<<<<

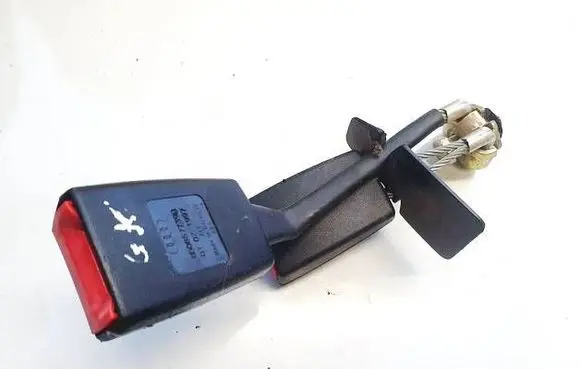 Audi A4 S4 B5 8D Rear seatbelt buckle 8d0857739b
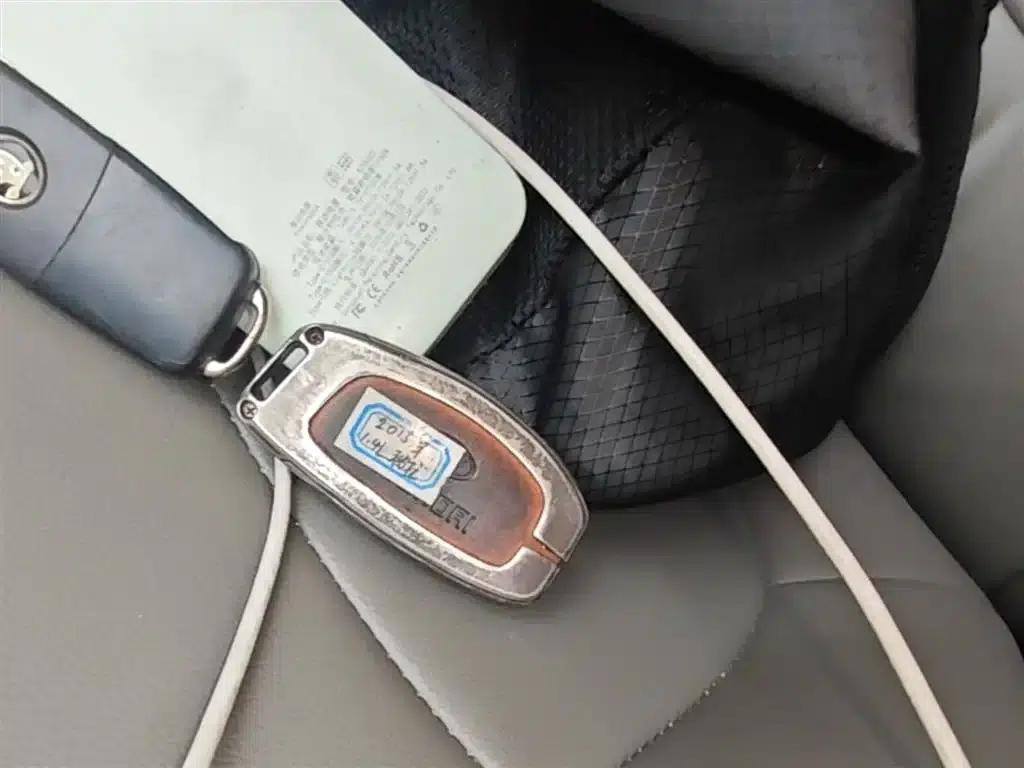 2014 Hyundai Reina 1.4L Automatic Leading Edition GLX — миниатюра 9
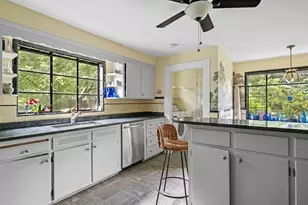 27 Oliver St, Watertown, MA 02472 - Photo 12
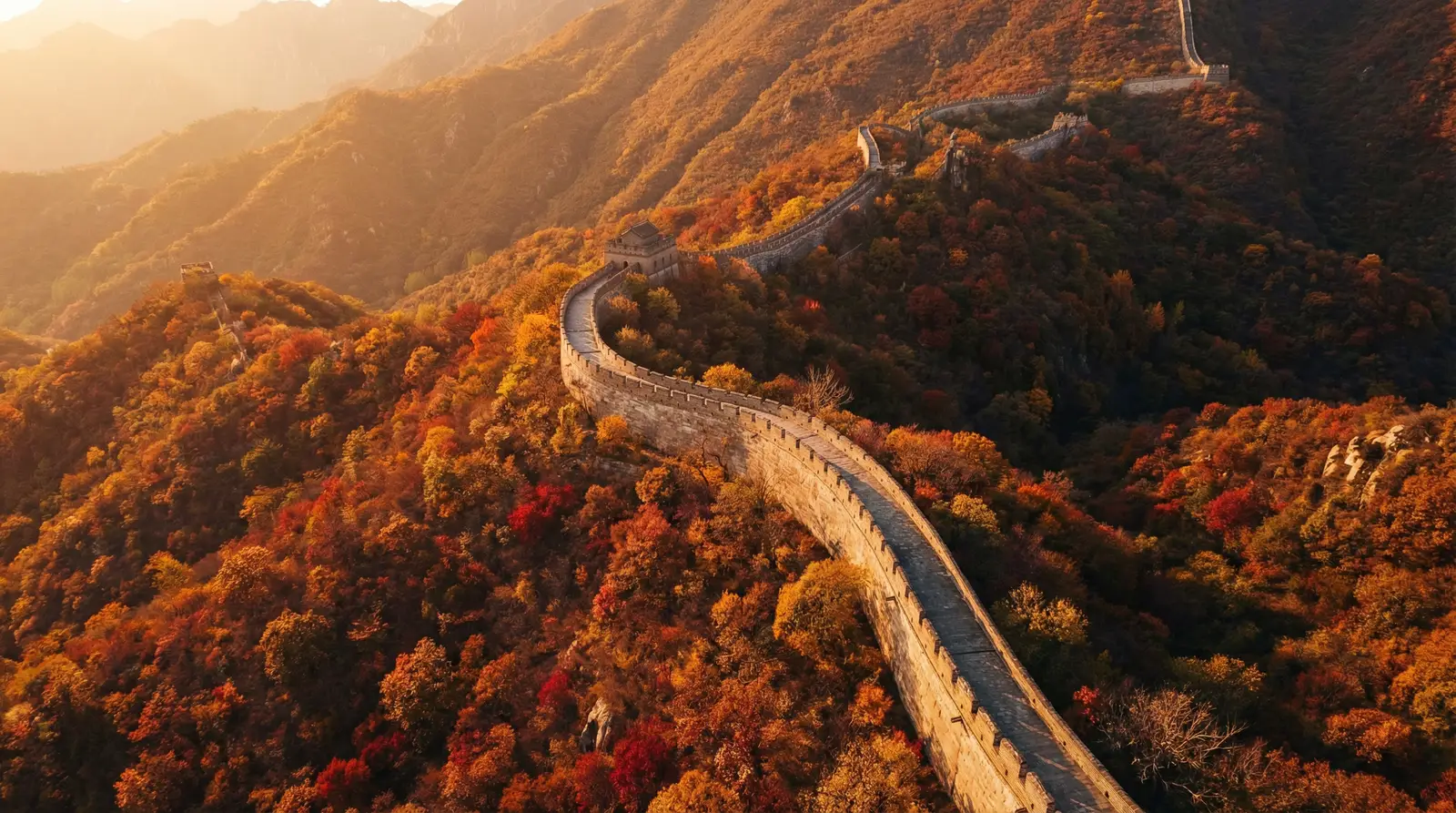 摩天大楼全集免费完整版在线观看 秋日长城航拍全景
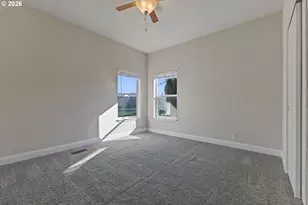 576 SW Georgetown Way, Beaverton, OR 97006 - Photo 17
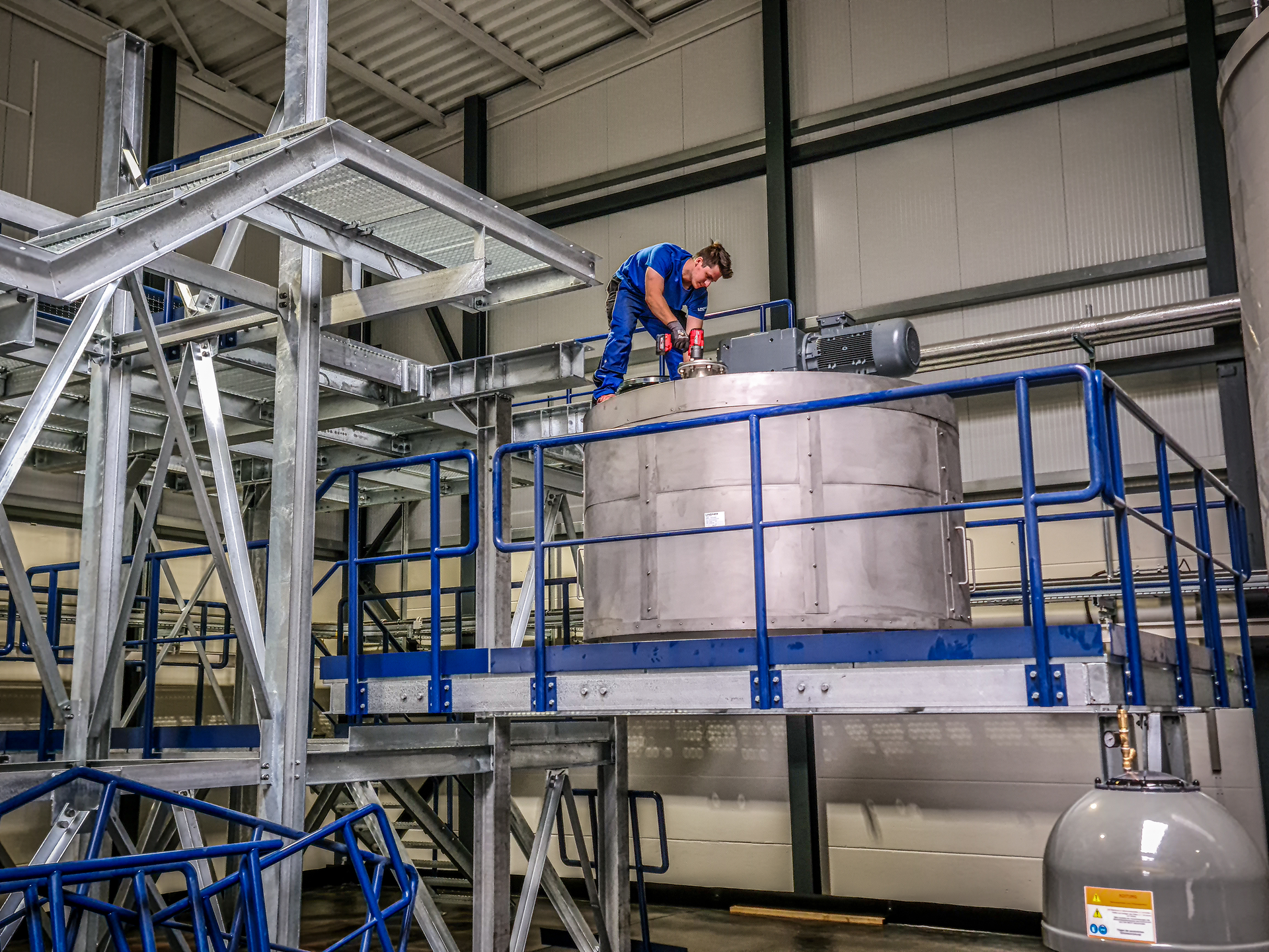 The hot-wash tower removes contaminants such as adhesives and labels and can be operated with or without caustic solution.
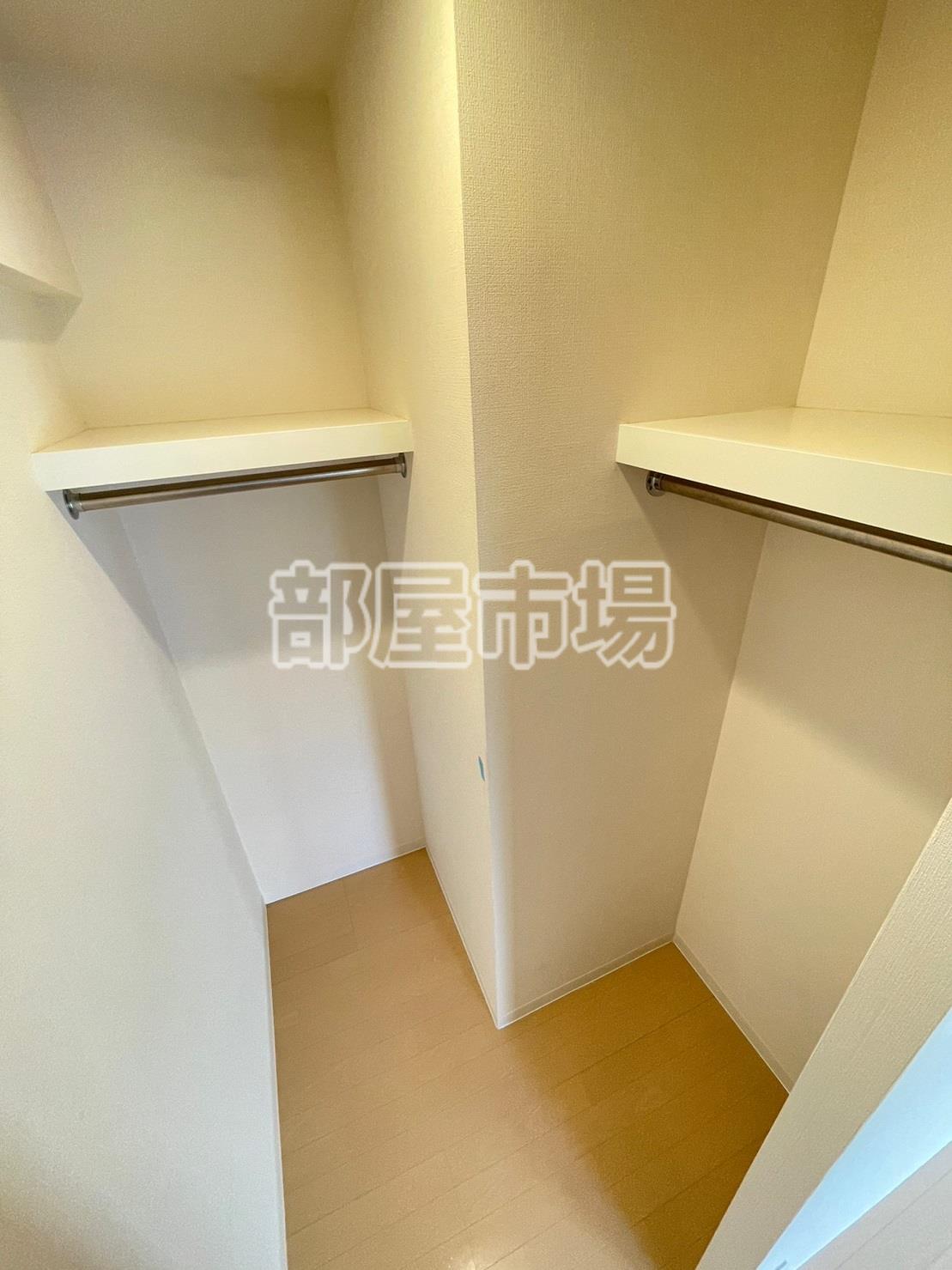 収納　ウォークインクローゼット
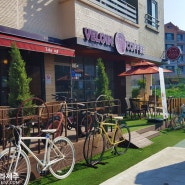제주 공항 근처 카페 추천 :: 무료로 자전거 대여가 가능한 테마 카페 '벨로인' 도두점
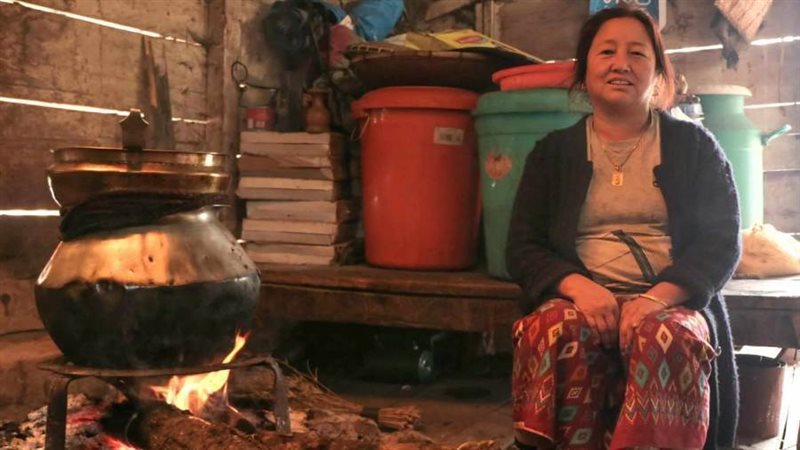 تاشي لهامو وهي راعية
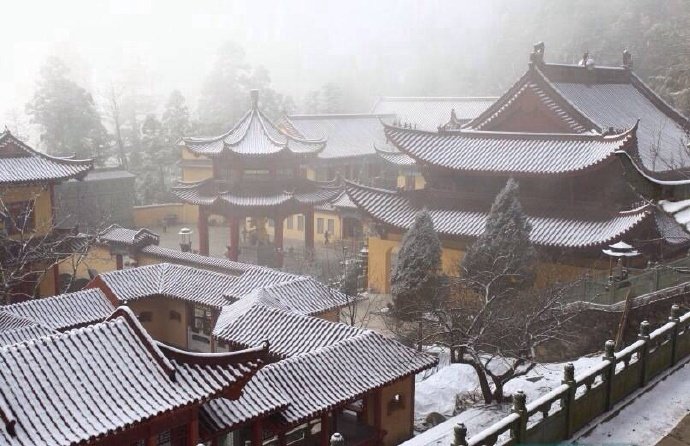 深山古寺雪纷纷早安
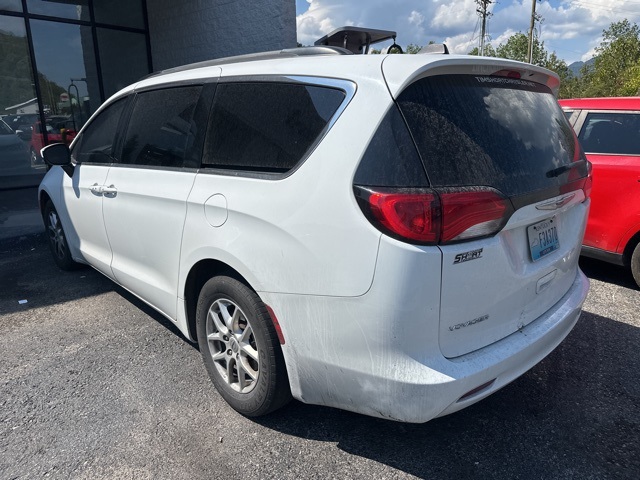 2021 Chrysler Voyager LXi photo 2
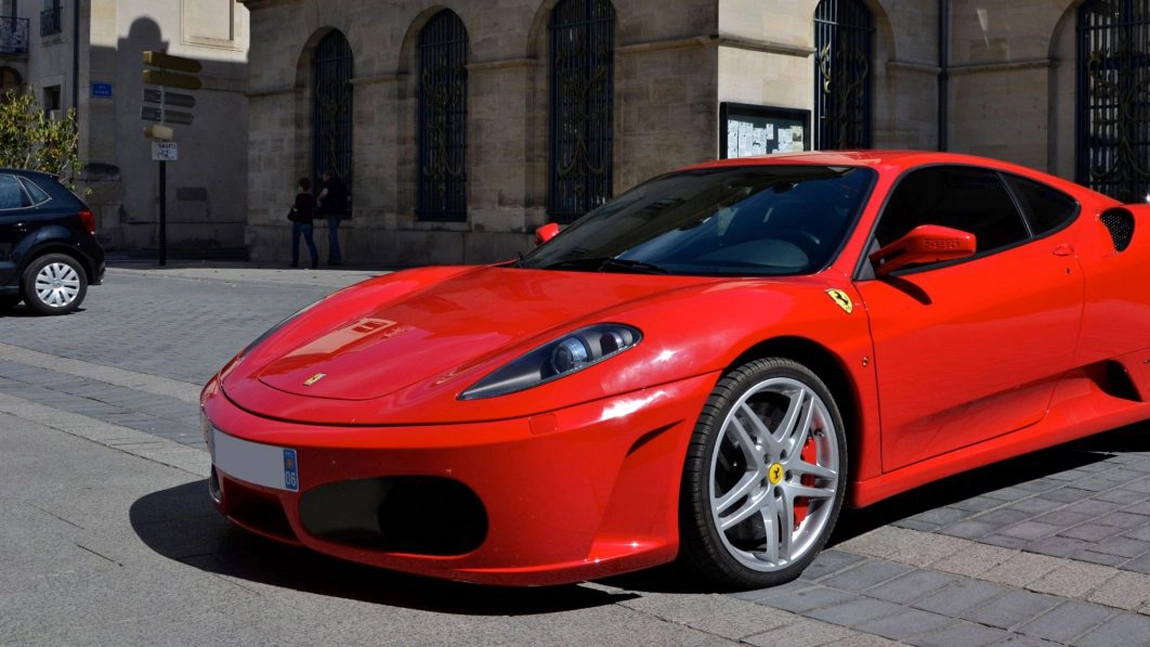 Peste 10 mașini de lux au fost ridicate, aseară, de procurorii DIICOT. Printre ele, un Ferrari și mai multe Porsche-uri - EXCLUSIV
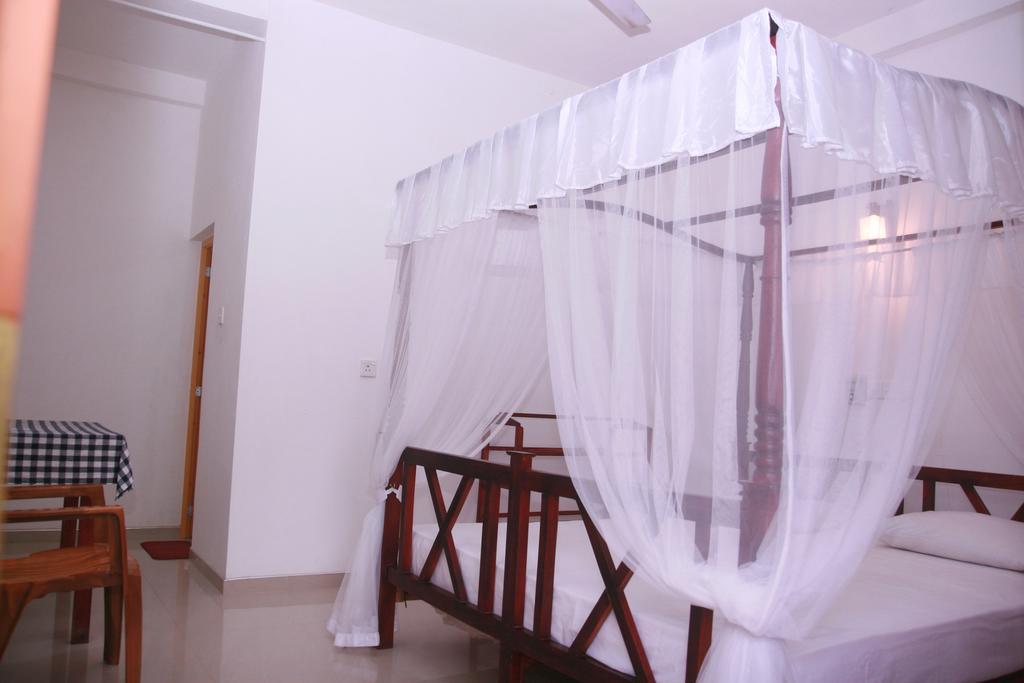 Tithira Guest House Мирисса Номер фото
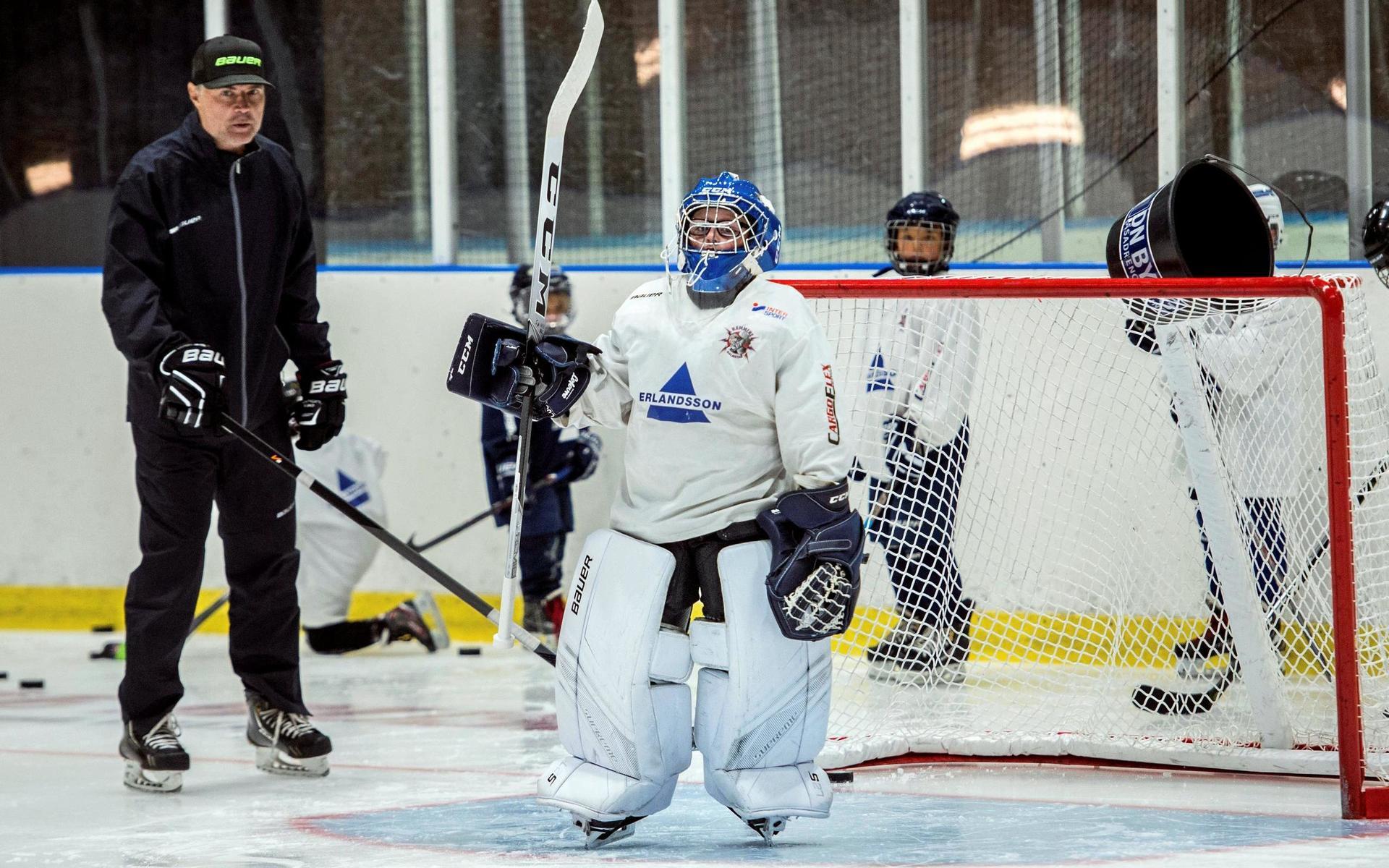 Hammers unga målvakt Jon Olsen fick goda råd och träning av KHL-målvaktstränaren Stefan Persson under måndagens träningspass.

>>>>

» EXERCISE INSTRUCTIONS
Starting at the line containing "摩天大楼全集免费完整版在线观看 秋日长城航拍全景" and finishing at the line containing "2021 Chrysler Voyager LXi photo 2", return those lines exactly as they appear above, without the pictures.

» FINAL ANSWER
 摩天大楼全集免费完整版在线观看 秋日长城航拍全景
 576 SW Georgetown Way, Beaverton, OR 97006 - Photo 17
 The hot-wash tower removes contaminants such as adhesives and labels and can be operated with or without caustic solution.
 収納　ウォークインクローゼット
제주 공항 근처 카페 추천 :: 무료로 자전거 대여가 가능한 테마 카페 '벨로인' 도두점
 تاشي لهامو وهي راعية
 深山古寺雪纷纷早安
 2021 Chrysler Voyager LXi photo 2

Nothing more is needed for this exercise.